══ DATA ══

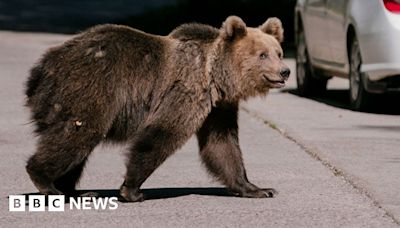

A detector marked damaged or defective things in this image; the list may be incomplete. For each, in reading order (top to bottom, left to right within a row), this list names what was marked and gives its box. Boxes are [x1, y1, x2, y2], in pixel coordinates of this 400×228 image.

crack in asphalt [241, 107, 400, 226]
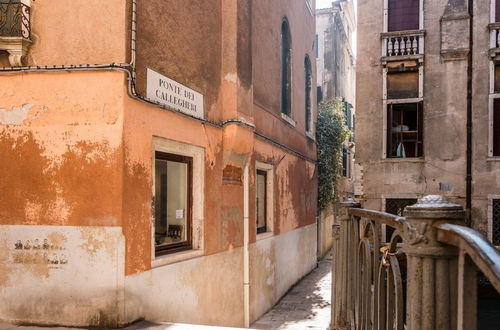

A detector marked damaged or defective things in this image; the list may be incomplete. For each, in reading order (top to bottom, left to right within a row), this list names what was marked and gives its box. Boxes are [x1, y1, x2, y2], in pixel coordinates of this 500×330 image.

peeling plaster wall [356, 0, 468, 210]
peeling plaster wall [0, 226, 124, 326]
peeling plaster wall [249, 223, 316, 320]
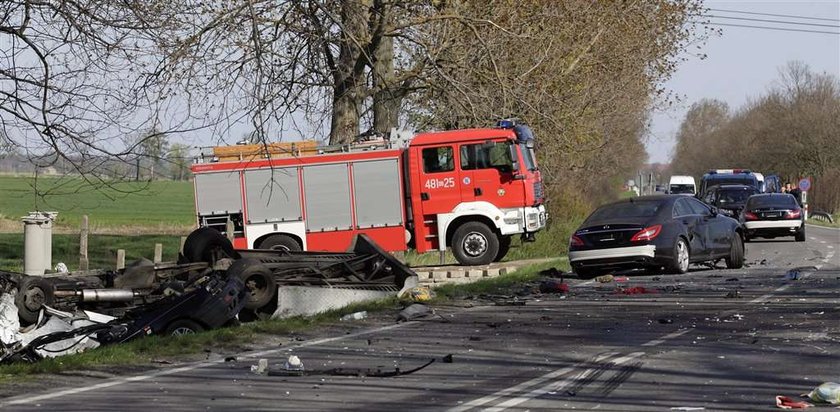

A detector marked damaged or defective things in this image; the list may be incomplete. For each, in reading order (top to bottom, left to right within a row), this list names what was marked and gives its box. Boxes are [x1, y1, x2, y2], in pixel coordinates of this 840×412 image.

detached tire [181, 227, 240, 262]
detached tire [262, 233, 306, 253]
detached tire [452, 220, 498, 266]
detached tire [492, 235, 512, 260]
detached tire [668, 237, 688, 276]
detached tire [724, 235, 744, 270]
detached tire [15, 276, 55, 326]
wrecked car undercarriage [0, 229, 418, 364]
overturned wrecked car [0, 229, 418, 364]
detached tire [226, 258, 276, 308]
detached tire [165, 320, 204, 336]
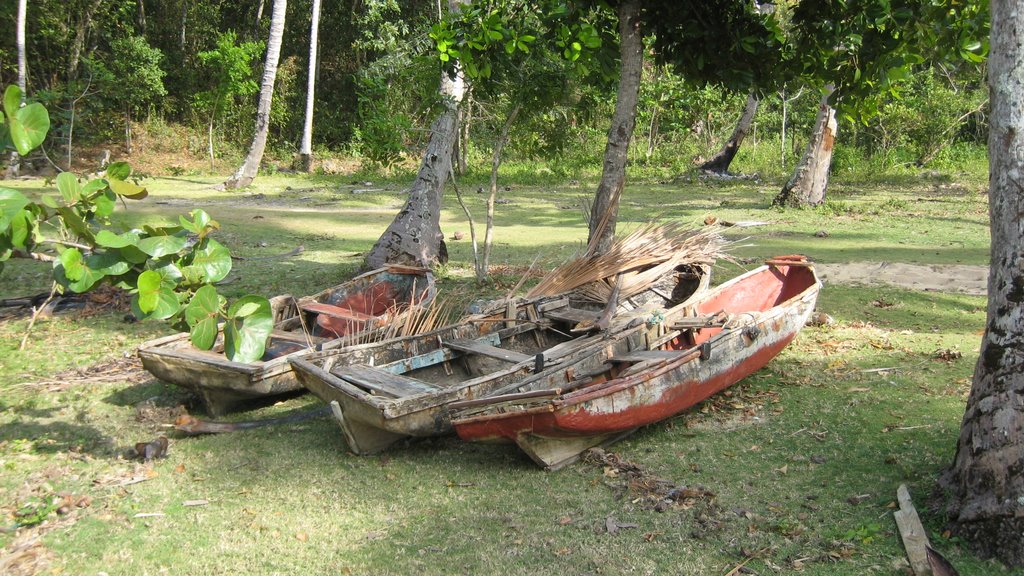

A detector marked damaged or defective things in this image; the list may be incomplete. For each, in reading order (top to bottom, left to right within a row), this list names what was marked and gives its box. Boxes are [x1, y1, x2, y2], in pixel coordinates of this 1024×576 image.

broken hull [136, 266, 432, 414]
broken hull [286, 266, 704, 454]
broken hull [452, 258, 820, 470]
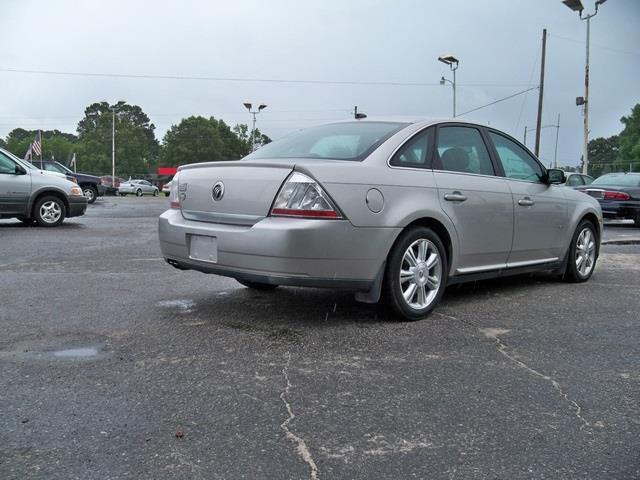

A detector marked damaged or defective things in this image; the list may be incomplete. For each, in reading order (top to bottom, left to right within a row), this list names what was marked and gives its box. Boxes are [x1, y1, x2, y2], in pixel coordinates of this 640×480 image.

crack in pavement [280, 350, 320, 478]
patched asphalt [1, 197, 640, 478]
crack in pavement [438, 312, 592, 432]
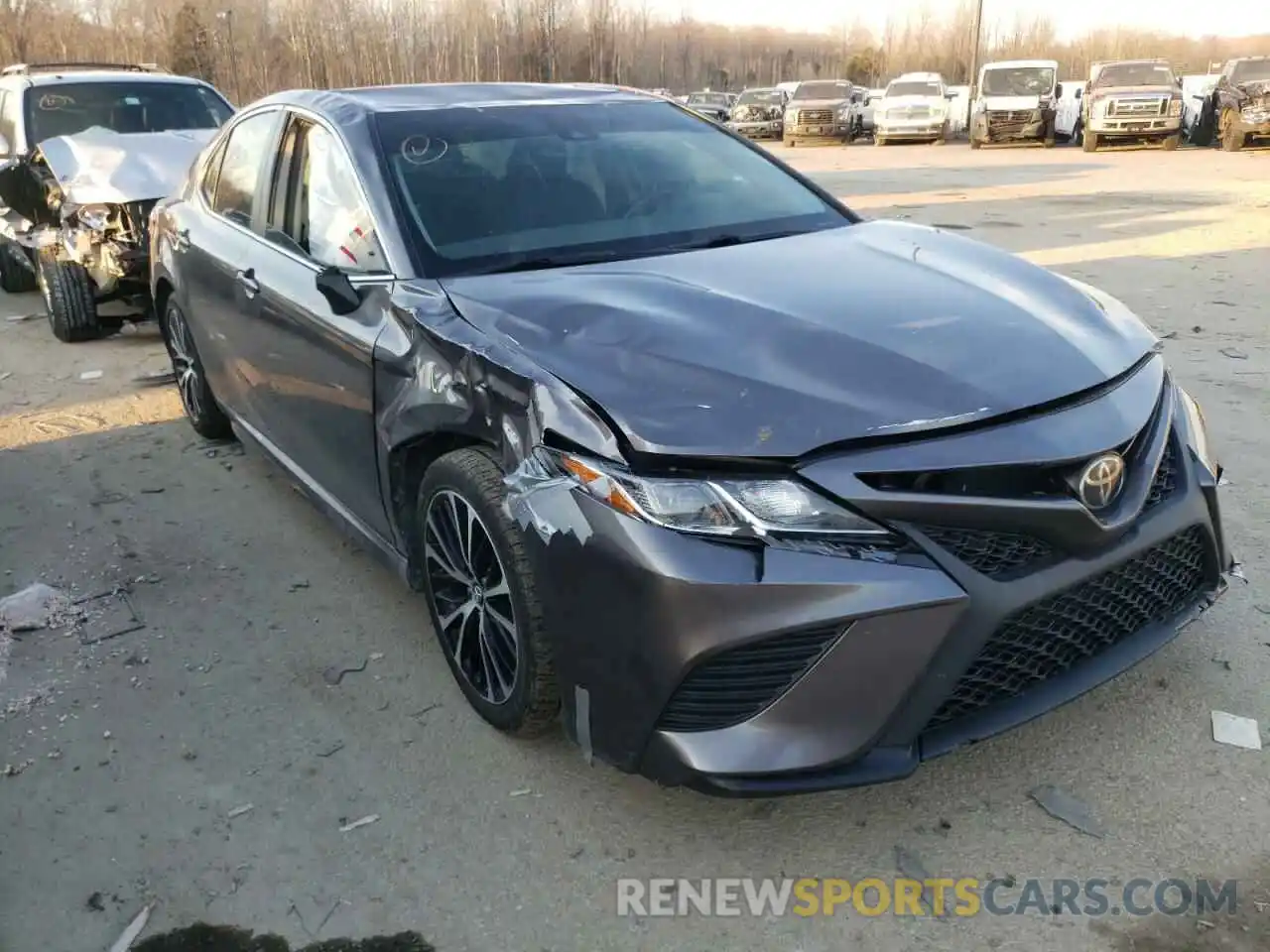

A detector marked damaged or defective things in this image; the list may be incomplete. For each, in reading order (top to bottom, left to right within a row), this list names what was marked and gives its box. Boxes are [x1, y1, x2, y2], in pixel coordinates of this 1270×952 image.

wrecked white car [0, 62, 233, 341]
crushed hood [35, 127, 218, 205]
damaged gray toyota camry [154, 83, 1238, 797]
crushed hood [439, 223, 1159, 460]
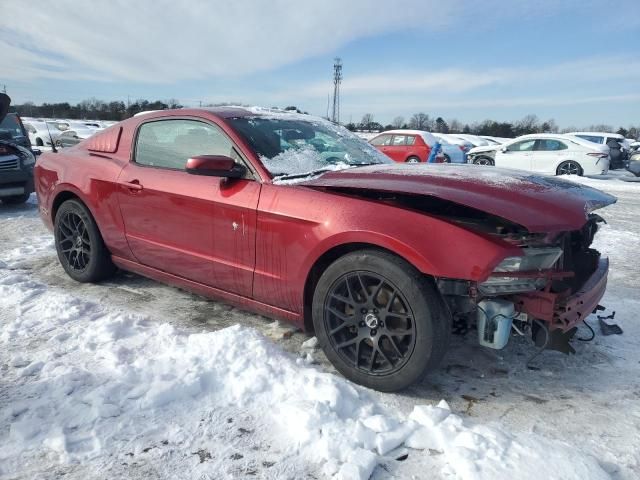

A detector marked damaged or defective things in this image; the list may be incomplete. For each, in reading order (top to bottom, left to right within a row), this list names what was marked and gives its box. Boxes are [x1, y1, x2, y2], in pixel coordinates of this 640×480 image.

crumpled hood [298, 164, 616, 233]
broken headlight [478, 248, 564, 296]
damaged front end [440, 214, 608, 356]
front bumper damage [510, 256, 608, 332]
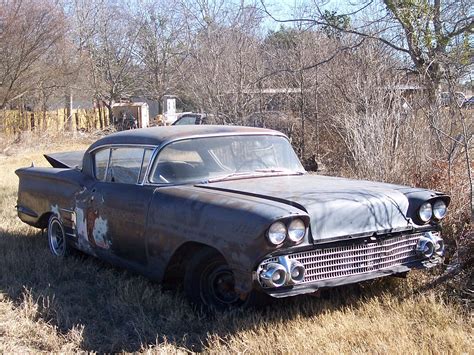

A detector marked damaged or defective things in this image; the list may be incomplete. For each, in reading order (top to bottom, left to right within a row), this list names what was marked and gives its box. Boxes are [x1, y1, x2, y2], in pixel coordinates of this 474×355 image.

═══

WORK TO COMPLETE:
Each line from the line containing "this 1024×576 image." through the final line of the data above must be retyped exactly; nothing else, and no pictures, may appear.

FINAL ANSWER:
A detector marked damaged or defective things in this image; the list may be incomplete. For each, in reading order (top to bottom, left to right within a row), this list names what was marked and gives its box. Boxes are [x1, y1, x2, y2], in pixel coordinates of this 1024×576 image.

broken hull [136, 266, 432, 414]
broken hull [286, 266, 704, 454]
broken hull [452, 258, 820, 470]

A detector marked damaged or defective things in this image; the list may be incomplete. For each, in reading order (top to bottom, left to right within a row), this list names what was marked and gives its box. Boxes are [x1, y1, x2, y2], in pixel coordinates of this 640×480 image.

crack in pavement [280, 350, 320, 478]
patched asphalt [1, 197, 640, 478]
crack in pavement [438, 312, 592, 432]

A detector marked damaged or defective things in this image; the list may be incomplete. For each, in reading order (top to bottom, left to right within a row), this list names what was marked and gives its box. Boxes are [x1, y1, x2, y2], in pixel coordinates of this 1270×952 image.

wrecked white car [0, 62, 233, 341]
crushed hood [35, 127, 218, 205]
damaged gray toyota camry [154, 83, 1238, 797]
crushed hood [439, 223, 1159, 460]

A detector marked damaged or defective things in this image; the list may be incomplete. For each, in reading order (top to bottom, left to right within a row), this list names what was marked and gives its box. Boxes are [x1, y1, x2, y2], in pixel coordinates of this 640×480 image.

crumpled hood [298, 164, 616, 233]
broken headlight [478, 248, 564, 296]
damaged front end [440, 214, 608, 356]
front bumper damage [510, 256, 608, 332]

A detector marked damaged or defective things in this image; the list may be incomplete. For each, in reading order (top to bottom, left to right within a row), this list names what was marked and gives its box. Boxes are [x1, y1, x2, y2], in pixel coordinates of this 474×355 image.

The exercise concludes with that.